Einladungskarte Suah Im 2022-05-03cdr-1.PNG

Vernissage: Samstag, 18. Juni 2022, 17.00 Uhr
Es spricht: Werner Meyer, der frühere Leiter der Kunsthalle Göppingen
Ausstellungsdauer: 18. Juni bis 24. Juli 2022

 

Suah Im ist die Preisträgerin des Kunstpreises Kunsthub 2021, der von der Stadt Leinfelden-Echterdingen, der Firma MHZ und dem Kulturkreis LE e.V. vergeben wurde. Die Ausstellung wird gefördert von der Kunststiftung Bonn.

Suah Im ist in Südkorea geboren und aufgewachsen. Sie hat in Südkorea ein Studium der Malerei abgeschlossen und an der Staatlichen Akademie der Bildenden Künste Stuttgart bei Prof. Birgit Brenner studiert und ist noch Meisterschülerin bei Professor Nina Fischer in der Universität der Künste Berlin (experimenteller Film und Medienkunst).

Mit multimedialen Strategien schafft sie in ihren Ausstellungen und mit ihren Werken und Werkreihen Situationen, die bestimmte Motive in ihren Bedeutungsdimensionen und Gestaltmöglichkeiten ausloten.

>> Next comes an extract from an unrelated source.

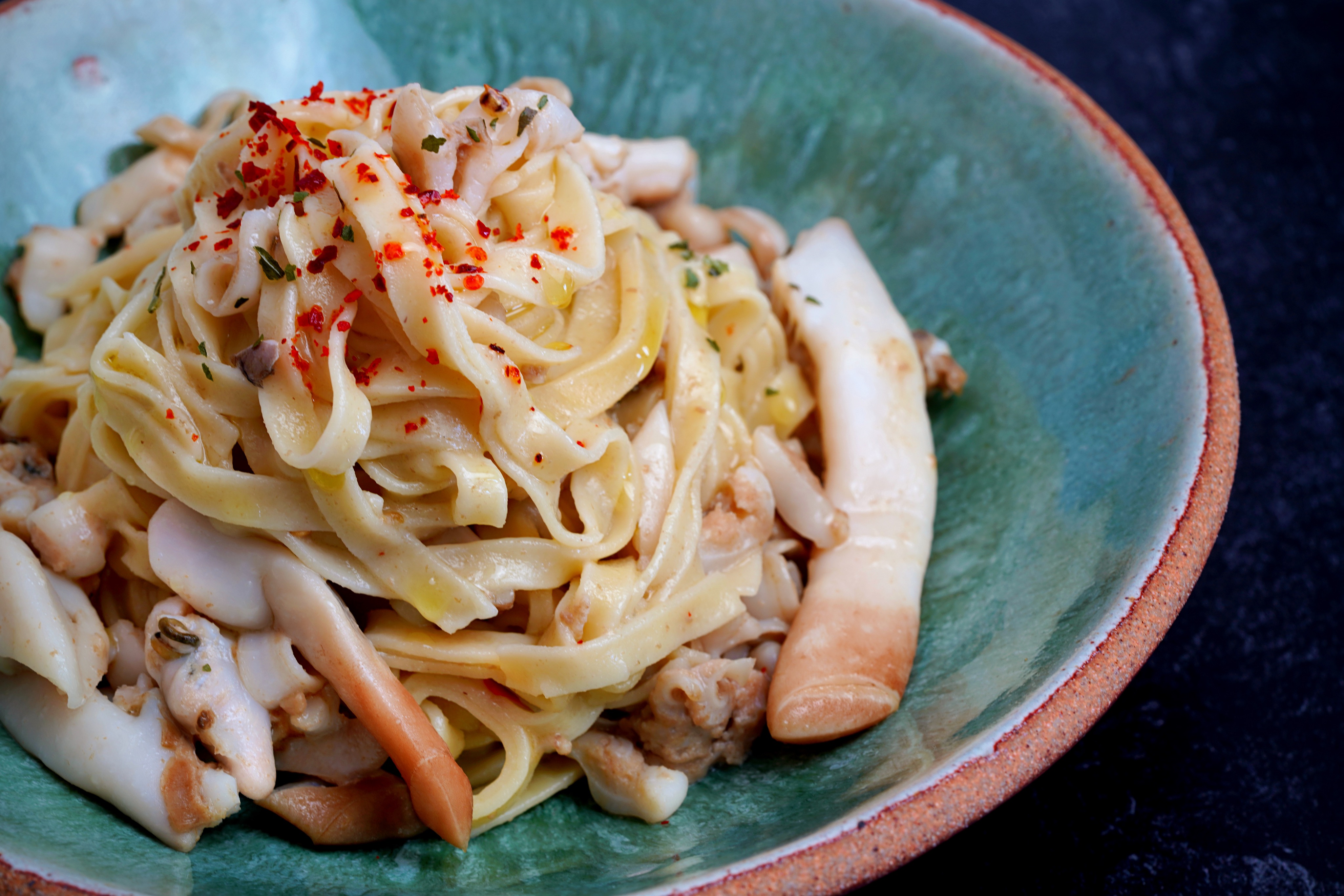 Keto Fettuccine with Razor Clams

Suah Im beschreibt sich auf ihrer website als »auf der Suche nach dem Wesen meines Ichs … Meine Arbeiten adressieren mittlerweile Themen wie ‚Konfrontation mit Herausforderungen‘ und ‚Überwindung von Beschränkungen’«. Sie, meine Damen und Herren, sind mit dieser Ausstellung und den Werken Suah Ims in »Situationen« versetzt, in denen Sie an den Recherchen und Vorstellungen der Künstlerin, an ihren innere und äußere Form gewordenen Bildern ein Stück teilhaben können. Der Begriff der »Situation« ist eine wesentliche existenzphilosophische Rahmenvorstellung. Die Erforschungen von »Situationen« haben den Zweck, humane Möglichkeiten des Menschseins und Grenzen solcher Möglichkeiten aufzuweisen – und zu überschreiten. »Das Erfassen der Situation ist von der Art, dass es sie schon ändert, sofern es Appell an Handeln und Sich-Verhalten möglich macht. Eine Situation zu erblicken, ist der Beginn, ihrer Herr zu werden, sie ins Auge zu fassen, schon der Wille, der um ein Sein ringt. Wenn ich die Situation der Zeit (des Moments) suche, so will ich ein Mensch sein«. (www.zvab.com/allgemeine-Psychopathologie/autor/jaspers). Was in der Formulierung des Psychiaters und Philosophen Karl Jaspers eine Kategorie des Existenzialismus ist, spielt für die Künstlerin Suah Im eine wesentliche Rolle: Sie schafft in ihren Installationen, in den Zeichnungen und Videoarbeiten »Situationen«, in denen ihre Person, ihr Ich, ihr Selbstbewusstsein eine wesentliche Perspektive und Motivation ist, im Zusammenhang mit bestimmten Gegenständen, die als Motive zugleich Hilfsmittel zu diesen Recherchen sind. Es ist ein kaum zu fassendes Spiel ihrer Ausdrucks- und vor allem ihrer Vorstellungsmöglichkeiten und Fähigkeiten zu Assoziationen, dem sie sich aussetzt, mit denen sie als Künstlerin umgeht. Ich erkenne starke Bilder, die meine Neugier und mein Interesse wecken und herausfordern. Ich will mir die Motive erschließen, und davon soll die Rede sein. Hinsehen ist die Voraussetzung, genügt aber nicht. Wir müssen uns selbst auf die Suche nach möglichen Interpretationen machen.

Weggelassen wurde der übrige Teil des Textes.